For Alexander Zverev, 2019 has not quite played out as he envisioned. Yet through his struggles, on and off the court, the German scrapped through to give himself a shot at retaining the ATP Finals crown.
In the final round-robin match at The O2, Zverev handled the pressure of the win-and-in situation by defeating Daniil Medvedev, 6-4, 7-6 (4), on Friday evening in London. As a result, the 22-year-old dashed Rafael Nadal’s hopes of winning the event for the first time, and set a semifinal meeting with Dominic Thiem. The Austrian leads their head-to-head series 5-2 and claimed their lone indoor hard-court encounter in 2017 at Rotterdam.
"He had nothing to lose. For me, it was a must-win situation to go through," Zverev said on-court afterwards. "He's probably been the best player in the world over the summer. I played two great matches [this week]. I still got to improve. It doesn't get easier now."
Last month, Medvedev took down Zverev in the Shanghai final to cap off a remarkable stretch of contesting six successive hard-court finals. It was the first time Zverev had lost to the Russian in five meetings, though he admitted Medvedev was a far superior version of himself.
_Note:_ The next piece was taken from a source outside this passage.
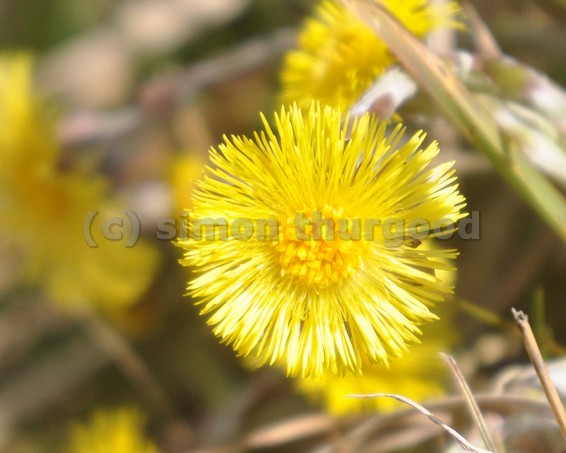[coltsfoot3]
Medvedev entered Friday’s clash with three straight losses and started poorly, relinquishing the lone break point of the set with a forehand error in the opening game. Zverev showed few signs of nerves, and other than a slight lapse in concentration at 5-4, was composed as he powered his way to a one-set lead with a barrage of first serve rockets.
Both players continued to befuddle the returner, as service games zipped by in the second set. After double faulting with an aggressive second serve at 4-4, 30-30, Medvedev brought what he displayed all summer long—pinpoint accuracy and unapologetic freedom—to ensure the match prolonged. Zverev showed a willingness to come forward with Medvedev maintaining a position well behind the baseline, a tactic that was effective throughout the battle.
In the tiebreaker, Medvedev secured the first mini break with a terrific backhand lob, but incorrectly stopped play to challenge on the ensuing point. Zverev got a second dose of help when the world No. 4 pushed a serve long to fall behind 5-3, and closed out the victory on his first match point.